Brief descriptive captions
____
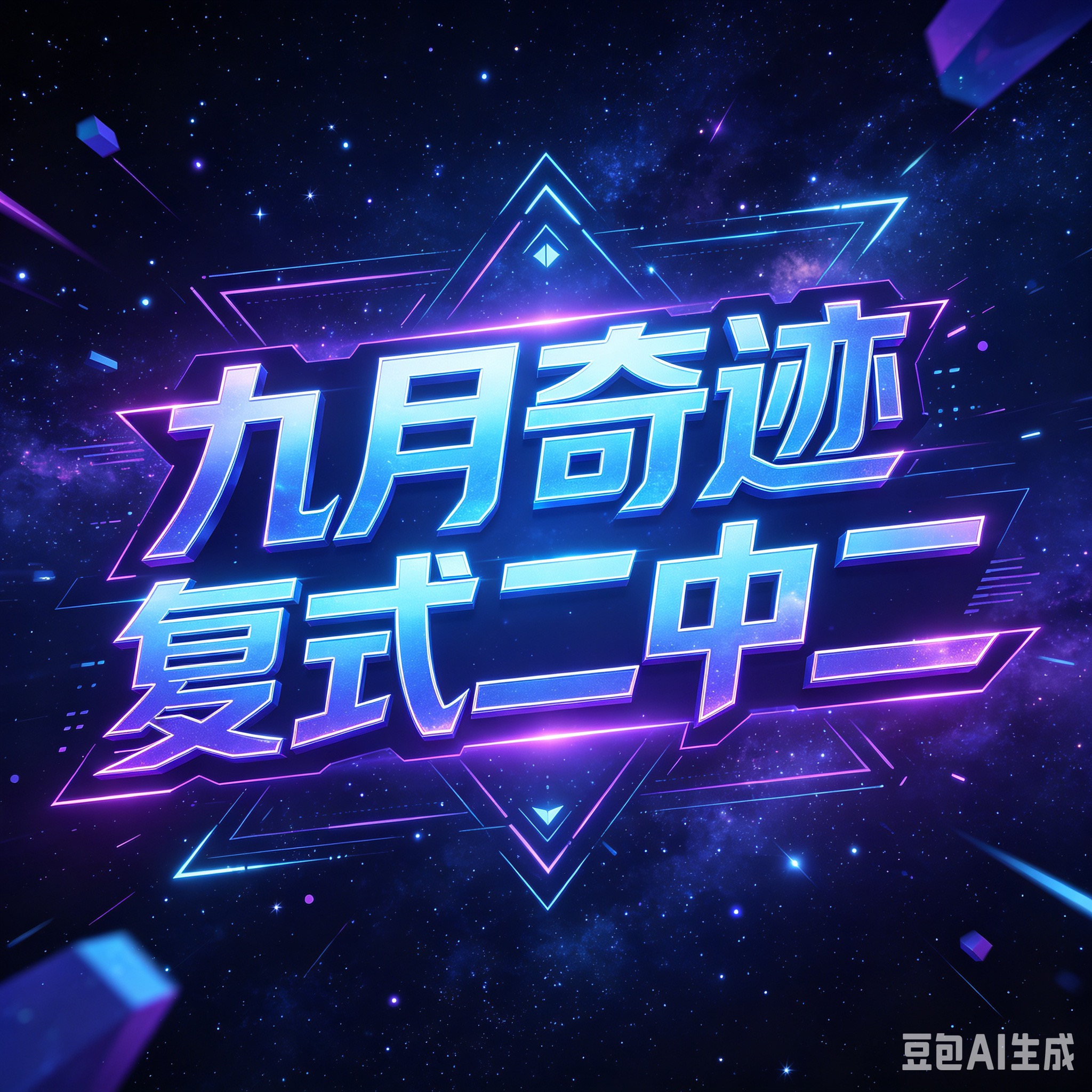 九月奇迹的头像-澳门国际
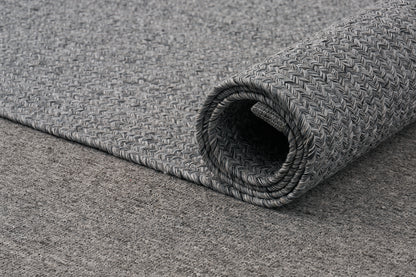 Dolphin Outdoor Teppich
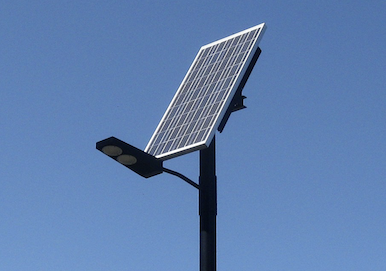 Jüngste Firmenblogs über US Authorities Warn of Hidden Radio Devices in Solar Highway Infrastructure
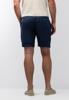 State of Art Shorts 67116607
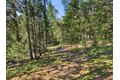 Additional image 22 of 13466 Yuba Close, Nevada City, CA, 95959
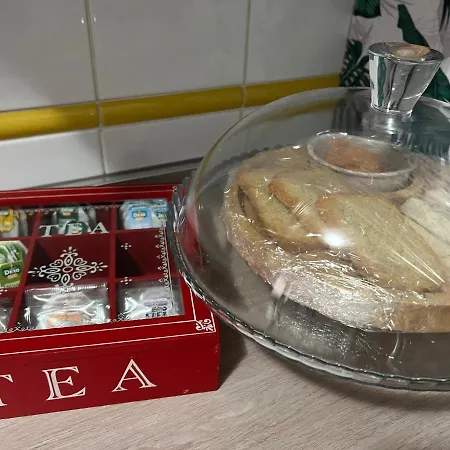 Lost Paradise San Andrés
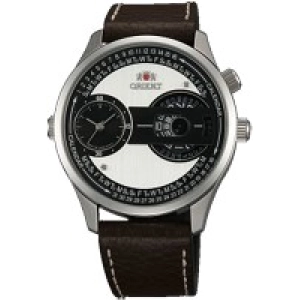 Reloj Orient XC00004B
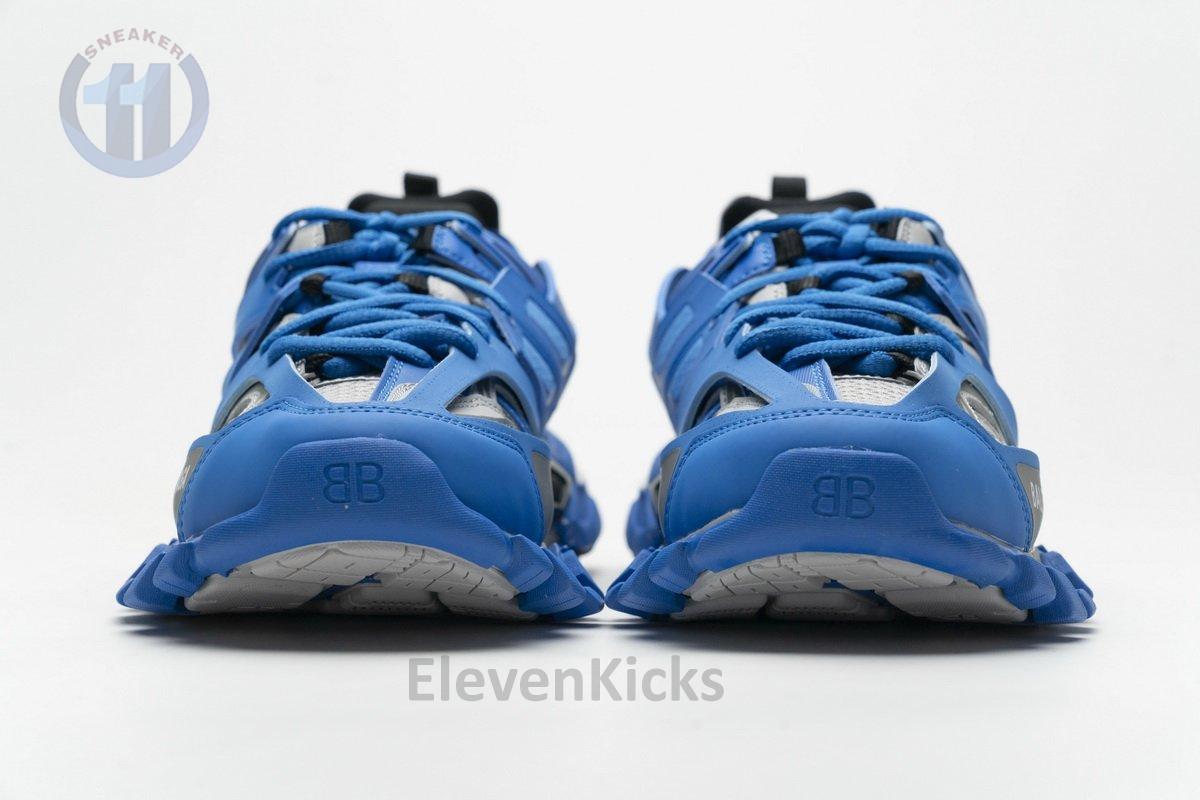542023 w2la1 2039 Ba*len*cia*ga tess s.grey blue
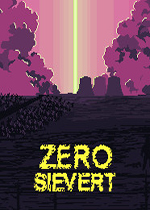 ZERO Sievert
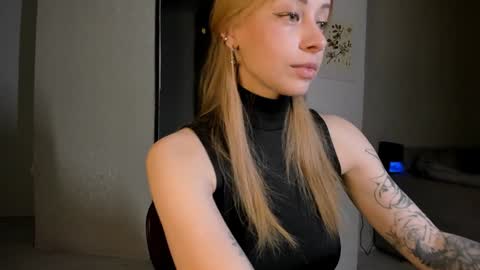 Jane online show from January 2025 07:43:01 PM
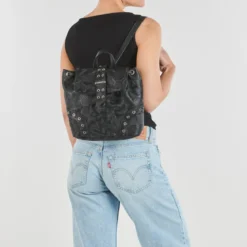 Rygsække Desigual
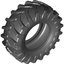 TYRE TRACTOR DIA. 107X44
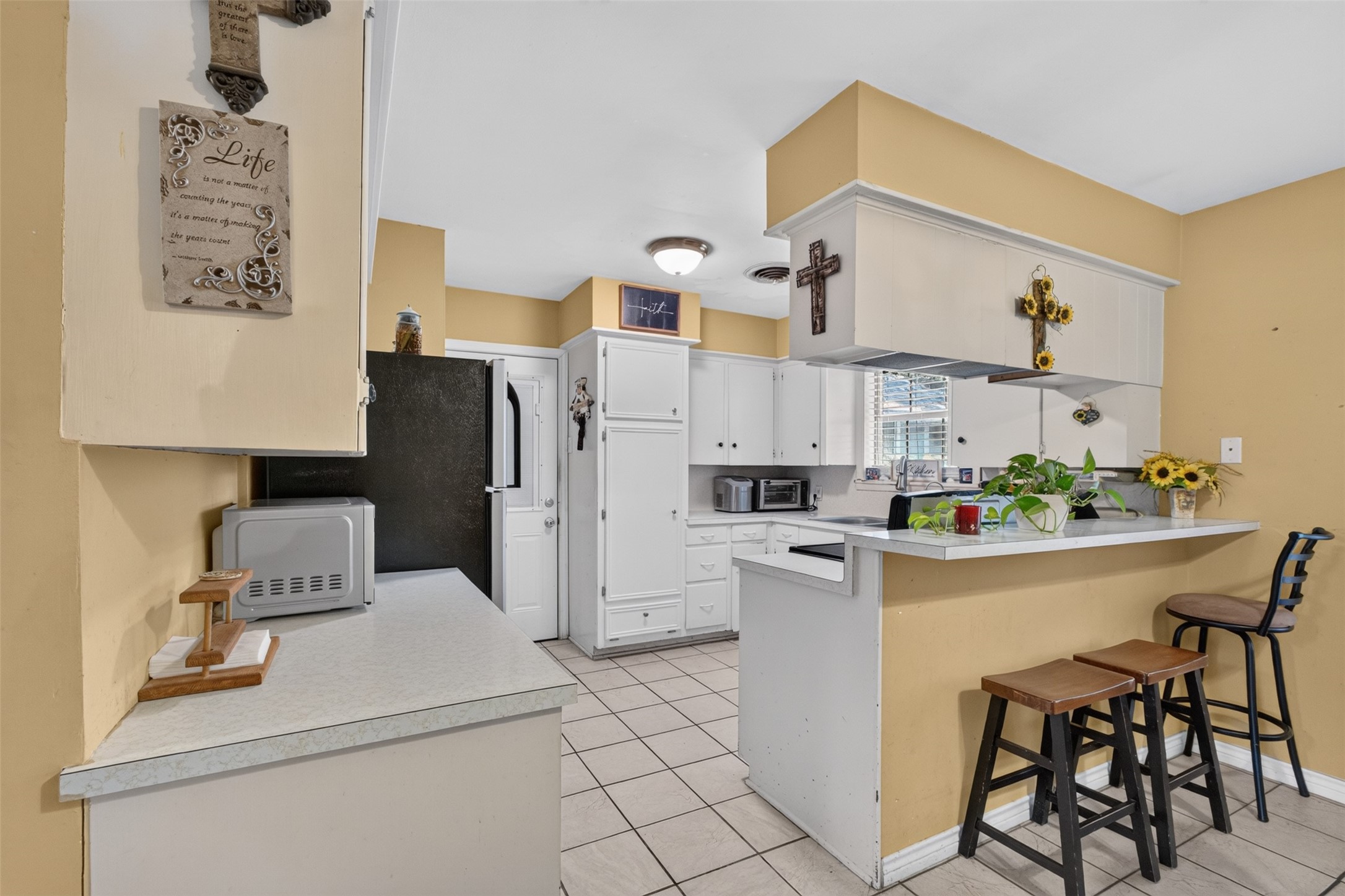 2713 Mazen Road Rosenberg, TX 77471 - Photo 12 of 38 Gallery Image 12
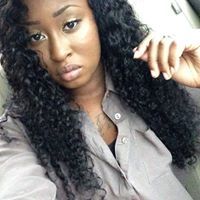 Streetsy Baptiste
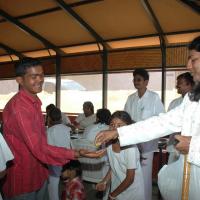 20070215_Photo_1210_DSC_8270_CMP_WM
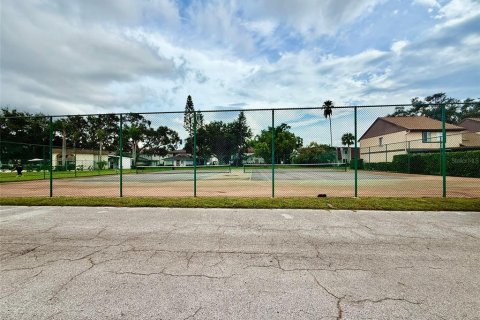 Condominio en alquiler en Clearwater, Florida, 2 dormitorios, 69.86 m2 № 1914068 - foto 18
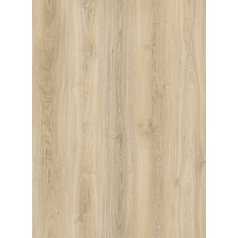 Merit GD Light Oak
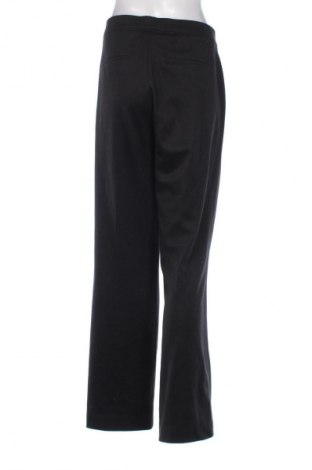 Дамски панталон Christian Berg, Размер L, Цвят Черен, Цена 17,46 €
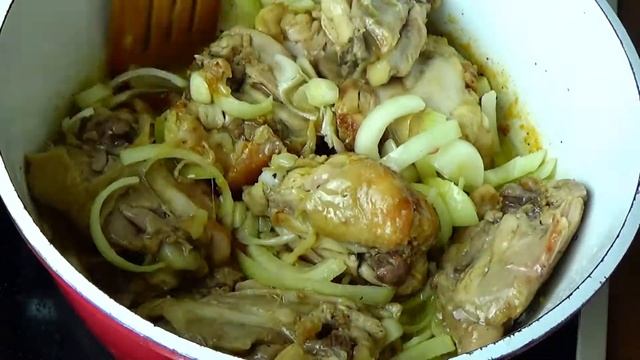 Астрономия и Космос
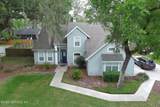 5091 Great Oak Lane Lane - Photo 27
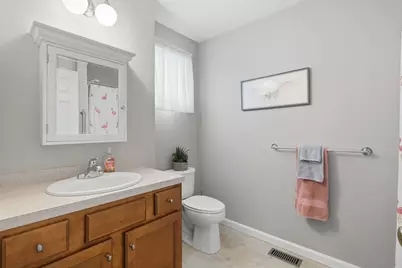 902 Main St #48, Hanson, MA 02341 - Photo 22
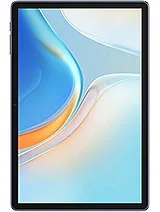 Ulefone Tab W10 rooting tutorial image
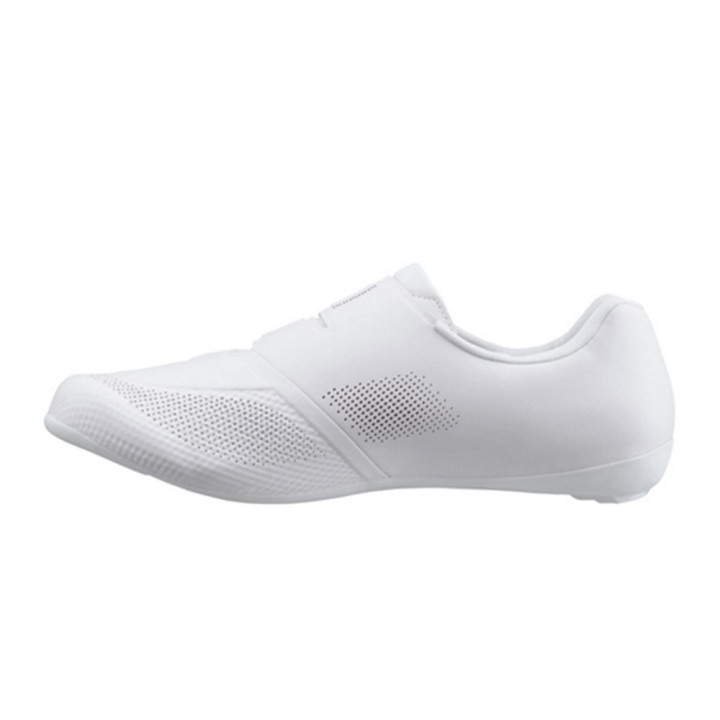 Shimano SH-RC503 Bianco - Scarpe Ciclismo Uomo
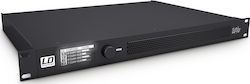 LD Systems Curv 500 IAMP Крайно Стъпало Усилвател На PA 4.0 Канала LD Systems Curv 500 IAMP Крайно Стъпало Усилвател На PA 4.0 Канала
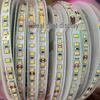 24V LED Strip Light, 2835 SMD, Self-Adhesive, Flicker-Free, for Living Room and Household Use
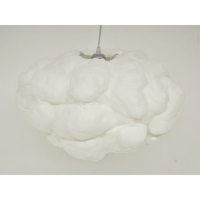 Lampadario Nuvola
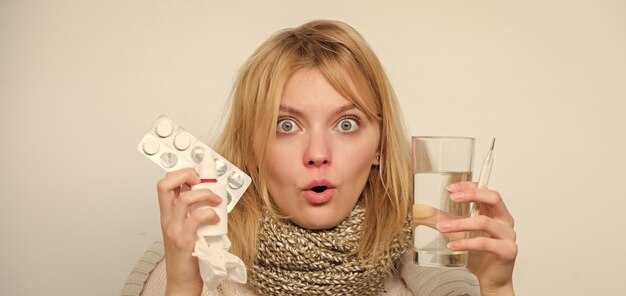 Zoloft. What diseases does it treat?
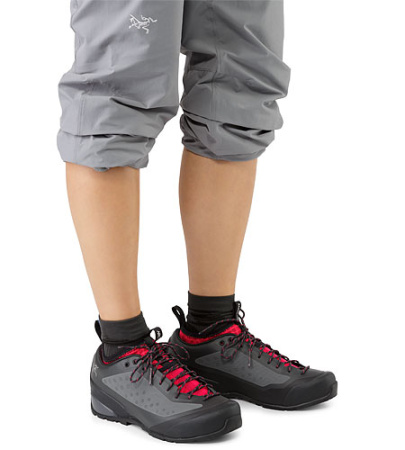 Брюки ARCTERYX Psiphon SL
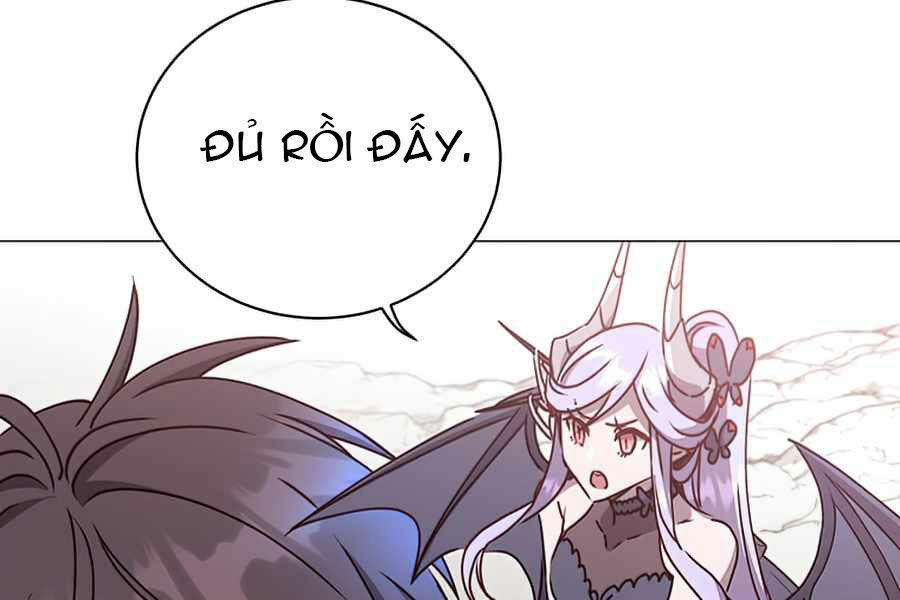 Anh Hùng Mạnh Nhất Trở Lại chapter 68 203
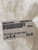 Used White Abercrombie And Fitch Long Sleeve Top XL-16 60137-S000122046 View 3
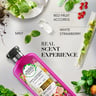 Herbal Essences Bio: Renew Clean White Strawberry & Sweet Mint Conditioner 400 ml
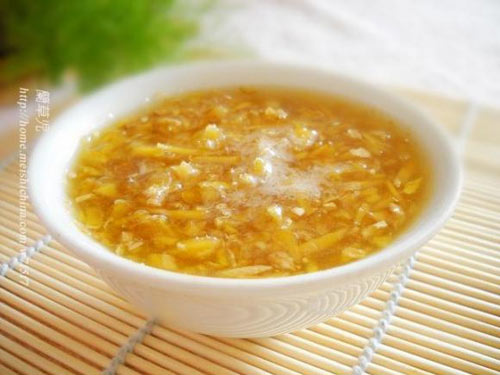 蜂蜜生姜茶的做法-家常做法-怎么做-视频-蜂蜜生姜茶做法大全-2345.com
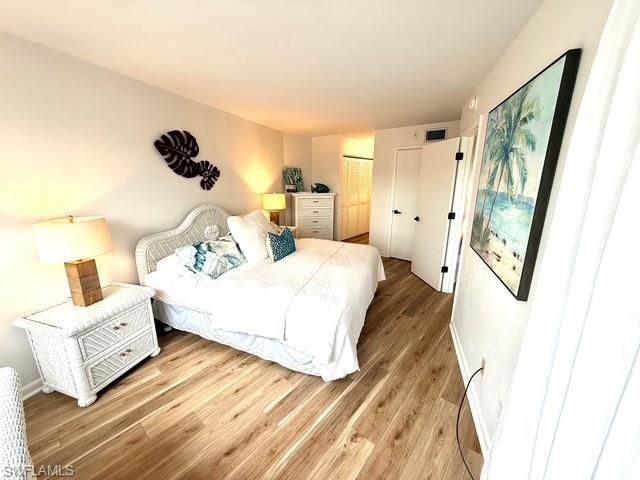 1031 Anglers CV A404, Marco Island, FL 34145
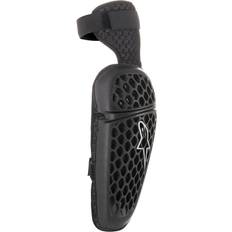Bionic Plus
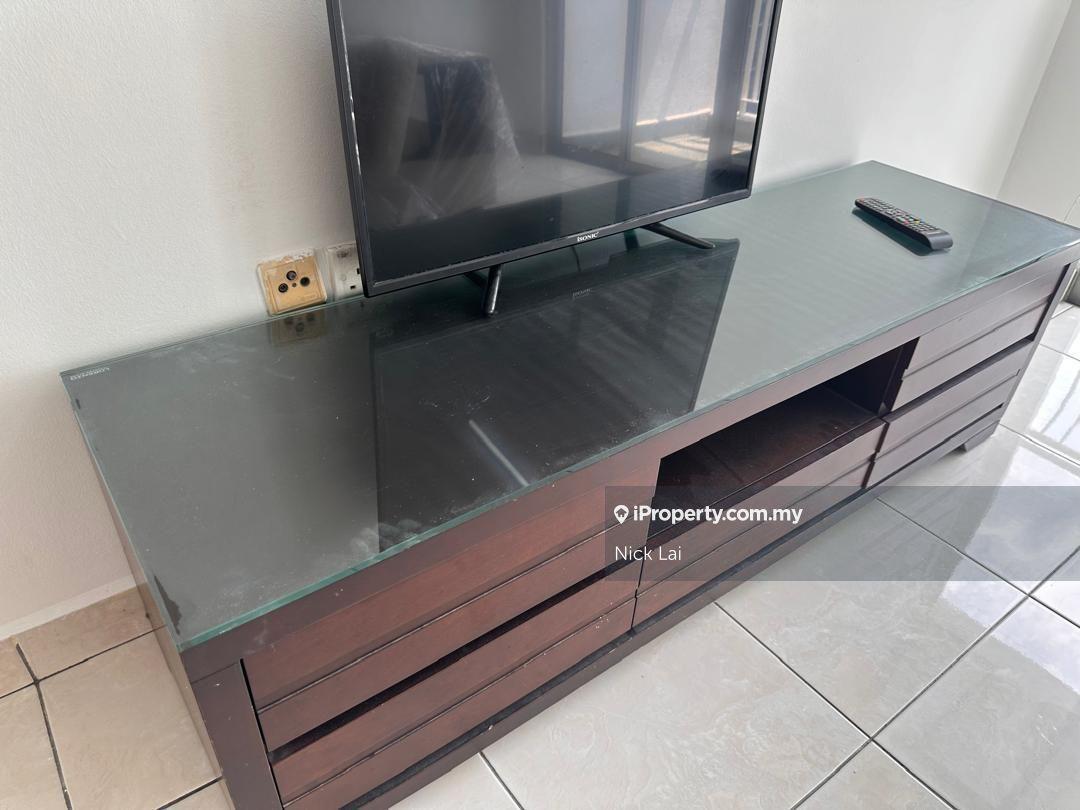 Condominium for Sale in Perdana View by Nick Lai - iProperty.com.my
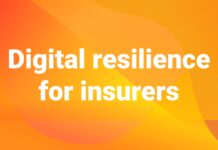 DORA, NIS2, AI & Co.: Digital resilience and effective IT strategy for insurers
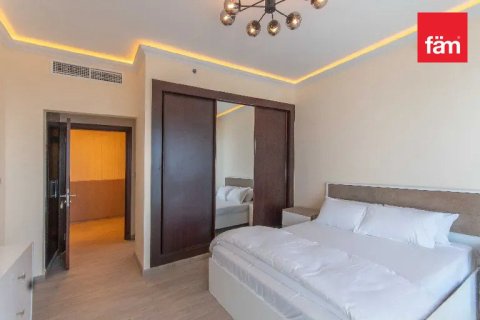 4 bedrooms Penthouse in Dubai Marina, UAE No. 77167 18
____
**Exercise goal:** Could you transcribe exactly the lines from the start of the records through the line containing "Merit GD Light Oak", both ends included, leaving the pictures out?

**Solution to the exercise:**
 九月奇迹的头像-澳门国际
 Dolphin Outdoor Teppich
 Jüngste Firmenblogs über US Authorities Warn of Hidden Radio Devices in Solar Highway Infrastructure
 State of Art Shorts 67116607
 Additional image 22 of 13466 Yuba Close, Nevada City, CA, 95959
 Lost Paradise San Andrés
 Reloj Orient XC00004B
542023 w2la1 2039 Ba*len*cia*ga tess s.grey blue
 ZERO Sievert
 Jane online show from January 2025 07:43:01 PM
 Rygsække Desigual
 TYRE TRACTOR DIA. 107X44
 2713 Mazen Road Rosenberg, TX 77471 - Photo 12 of 38 Gallery Image 12
 Streetsy Baptiste
 20070215_Photo_1210_DSC_8270_CMP_WM
 Condominio en alquiler en Clearwater, Florida, 2 dormitorios, 69.86 m2 № 1914068 - foto 18
 Merit GD Light Oak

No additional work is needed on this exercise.